Bash – Using grep in conditional statement in bash

bashshell-scriptUbuntu

I'm still very new to scripting in bash, and just trying a few what I thought would be basic things. I want to run DDNS that updates from the my server running Ubuntu 14.04.

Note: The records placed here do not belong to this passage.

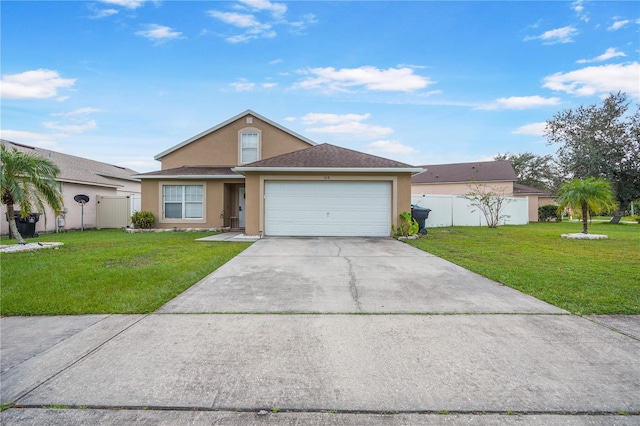 view of front facade with a garage and a front yard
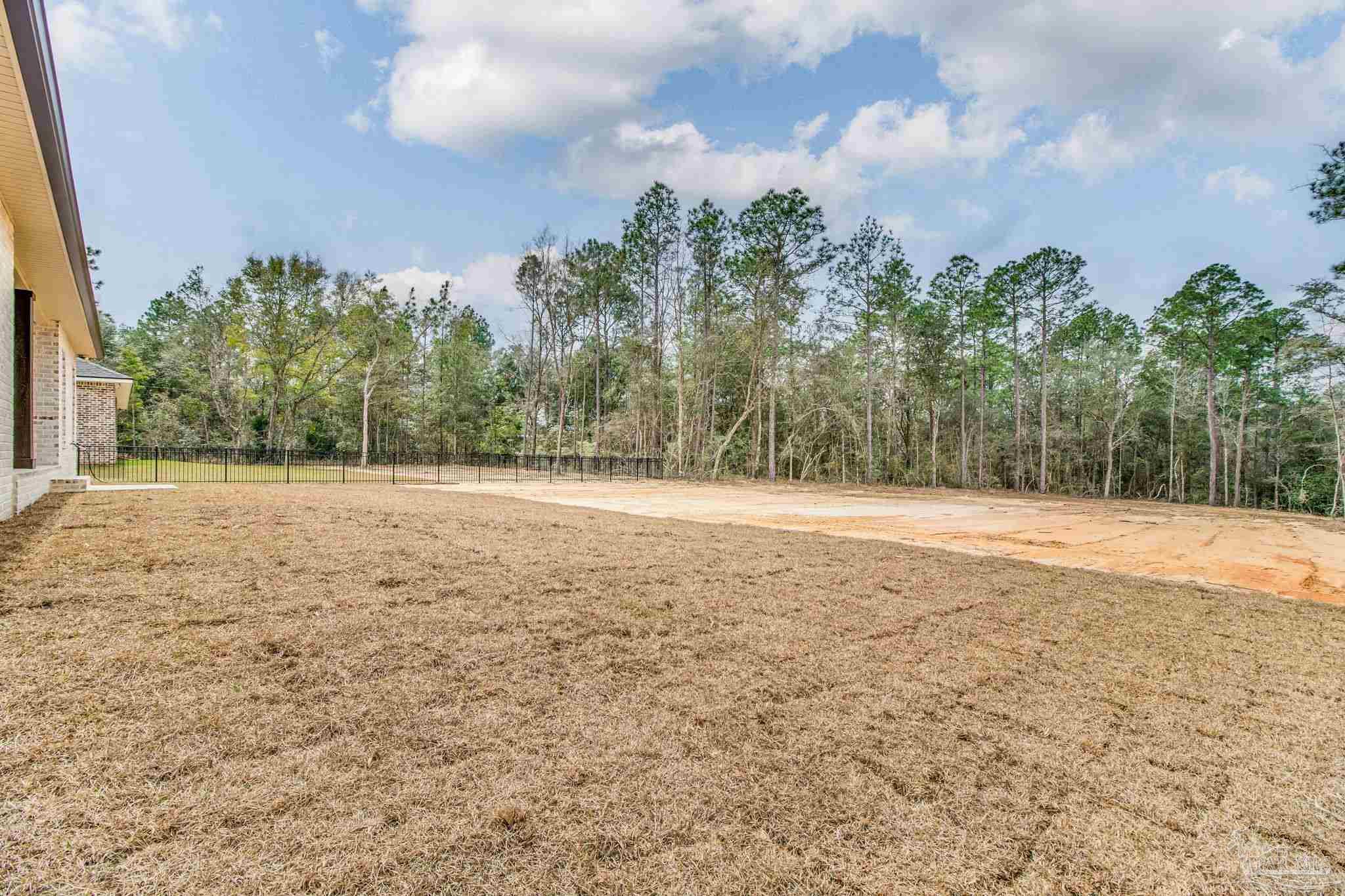 4310 Watkins Street Pace, FL 32571 - Photo 13 of 58 a view of a yard with a house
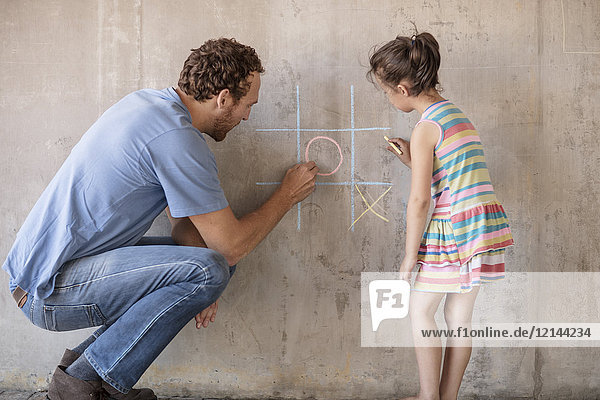 Vater und Tochter spielen tic tac toe mit Kreide auf einer Betonwand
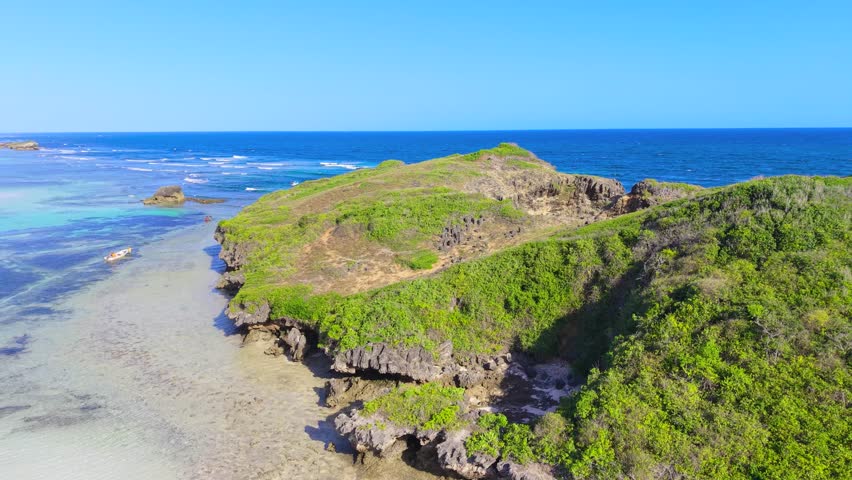 Aerial view of rocky cliffs covered in green vegetation overlooking the turquoise Indian Ocean with a boat at Watamu Beach, Kenya.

Borrowing some code from dnsimple, this is what I have so far:

#!/bin/bash

LOGIN="email"
TOKEN="token"
DOMAIN_ID="domain"
RECORD_ID="record"
IP=`curl -s http://icanhazip.com/`

OUTPUT=`
curl -H "Accept: application/json" \
     -H "Content-Type: application/json" \
     -H "X-DNSimple-Domain-Token: $TOKEN" \
     -X "PUT" \
     -i "https://api.dnsimple.com/v1/domains/$DOMAIN_ID/records/$RECORD_ID" \
     -d "{\"record\":{\"content\":\"$IP\"}}"`

if ! echo "$OUTPUT" | grep -q "(Status:\s200)"; then

echo "match"

$(echo "$OUTPUT" | grep -oP '(?<="message":")(.[^"]*)' >> /home/ddns/ddns.log)
$(echo "$OUTPUT"| grep -P '(Status:\s[0-9]{3}\s)' >> /home/ddns/ddns.log)

fi

The idea is that it runs every 5 minutes, which I have working using a cronjob. I then want to check the output of the curl to see if the status is "200" or other. If it is something else, then I want to save the output to a file.

What I can't get working is the if statement. As I understand it, the -q on the grep command will provide an exit code for the if statement. However I can't seem to get it work. Where have I gone wrong?

Best Answer

You're almost there. Just omit the exclamation mark:

OUTPUT='blah blah (Status: 200)'
if echo "$OUTPUT" | grep -q "(Status:\s200)"; then
    echo "MATCH"
fi

Result:

MATCH

The if condition is fulfilled if grep returns with exit code 0 (which means a match). The ! exclamation mark will negate this.